KPAI menilai anak seusia itu sering melakukan perbuatan tanpa mempertimbangkan dampaknya.

KPAI Minta Bocah Penghina Jokowi Diproses dengan UU Peradilan Anak
Ilustrasi. Konferensi Pers Komisi Perlindungan Anak Indonesia (KPAI) mendorong agar pemerintah membuat sistem pendidikan keluarga yang bebas dari paham radikalisme, di Kantor KPAI Menteng Jakarta Pusat Selasa(15/5/2018). tirto.id/Naufal Mamduh

tirto.id - Komisi Perlindungan Anak Indonesia (KPAI) meminta Polda Metro Jaya untuk memproses anak yang menghina Presiden Joko Widodo dengan UU Sistem Peradilan Anak UU RI Nomor 11 tahun 2012.

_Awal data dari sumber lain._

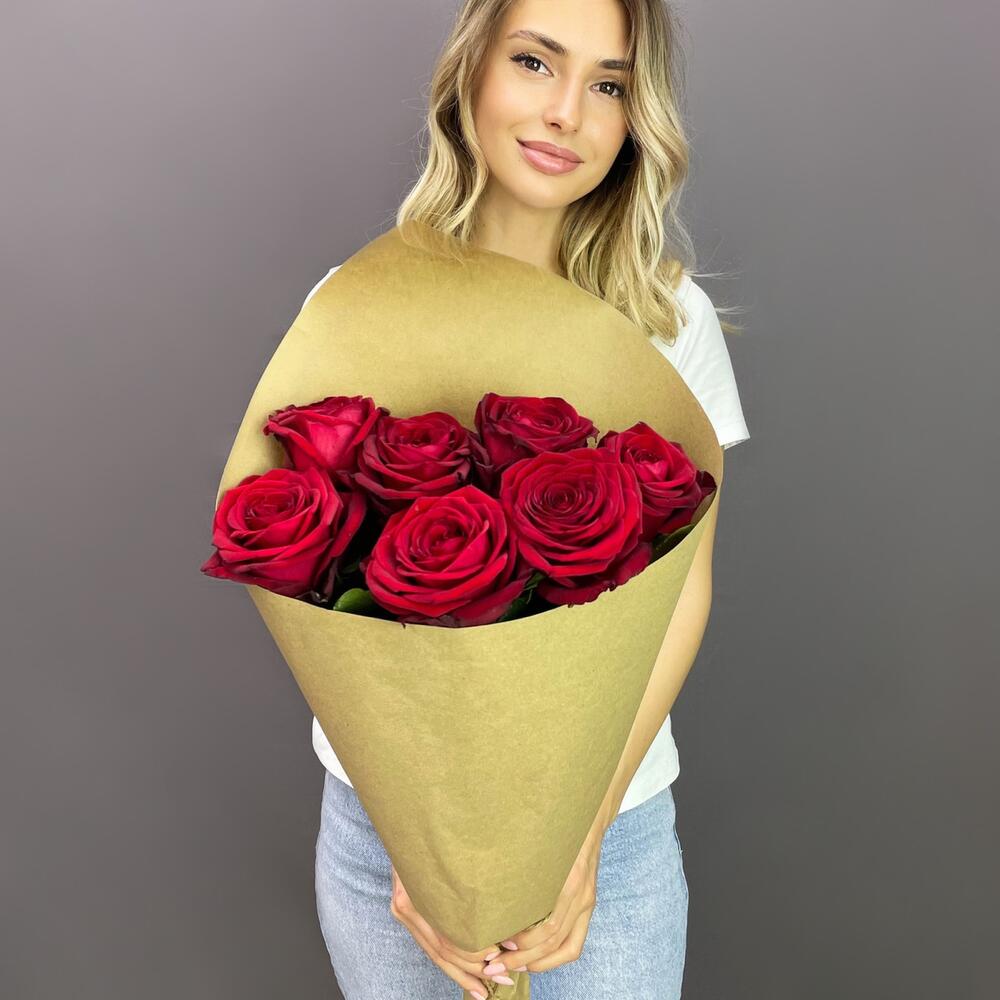 Букет из 7 красных роз в крафте – страсть в стильной упаковке Усолье-Сибирское Иркутская область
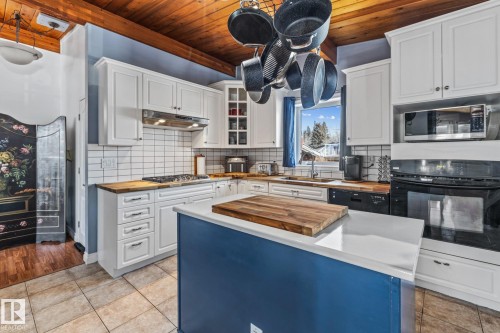 318 Main Street, Ferintosh, AB - Indoor Photo Showing Kitchen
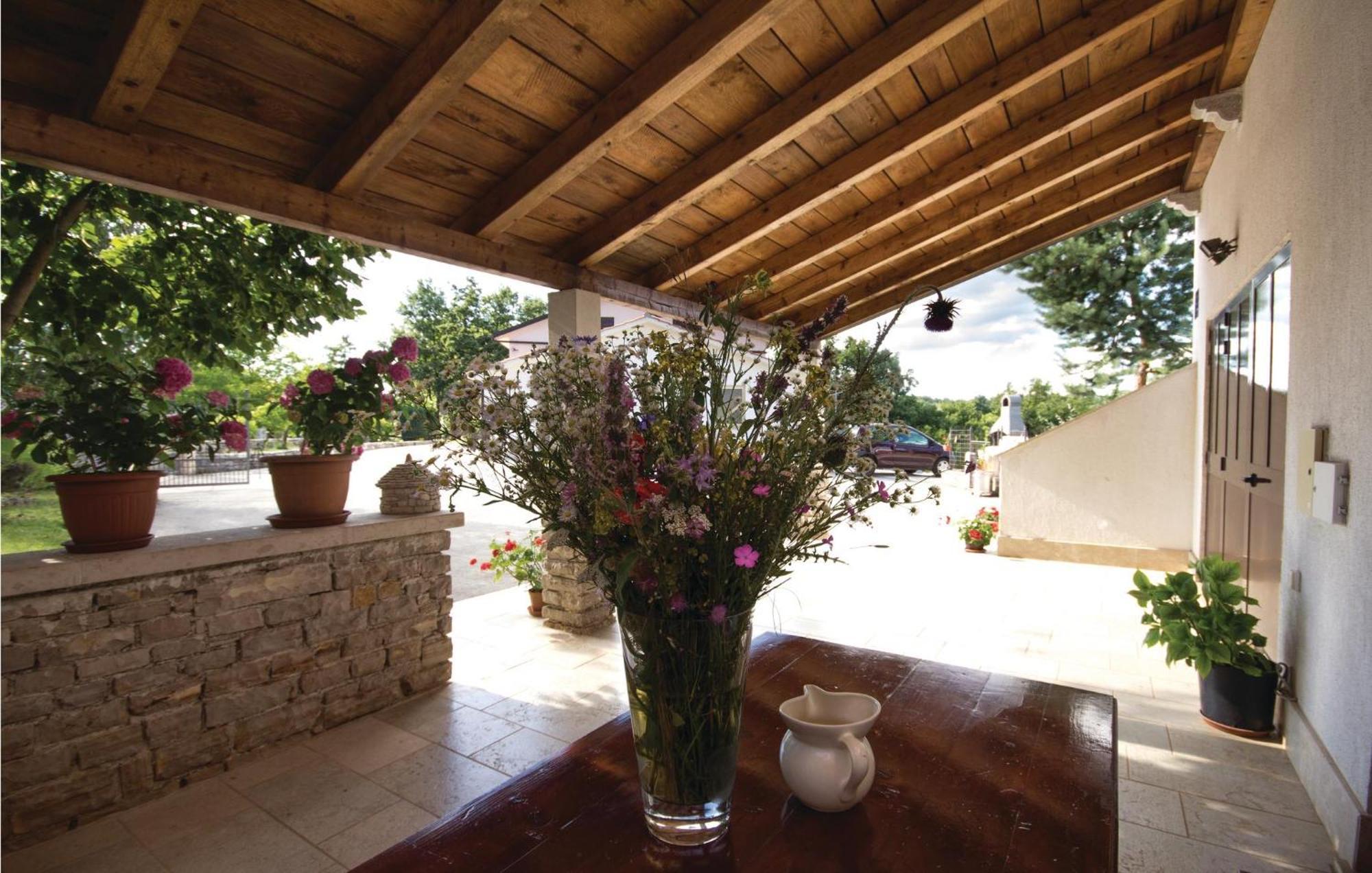Amazing Apartment In Pazin With Wifi Katun Lindarski Luaran gambar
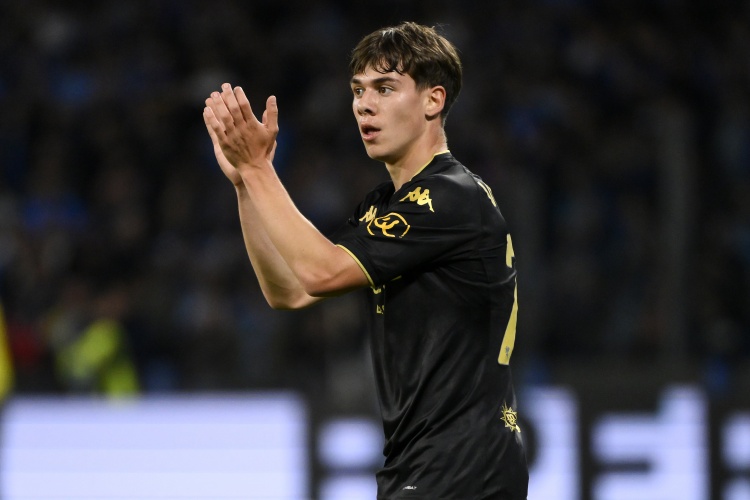 登录入口-迪马济奥：罗马将租借热那亚19岁边锋文图里诺，有权700万欧买断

Menurut Ketua KPAI, Susanto, latar belakang si anak melakukan hal tersebut menjadi penting untuk dipahami. Apakah anak itu memiliki motif tertentu sehingga ucapan yang tidak pantas tersebut dilontarkan.

"Kita menyadari bahwa pada usia seperti itu anak sangat mudah dipengaruhi oleh teman-temannya untuk melakukan atau tidak melakukan sesuatu perbuatan sebagai bentuk 'pengakuan atau ingin diakui' oleh peer group mereka," kata Susanto dalam keterngan tertulis yang diterima Tirto, Jumat (25/5/2018).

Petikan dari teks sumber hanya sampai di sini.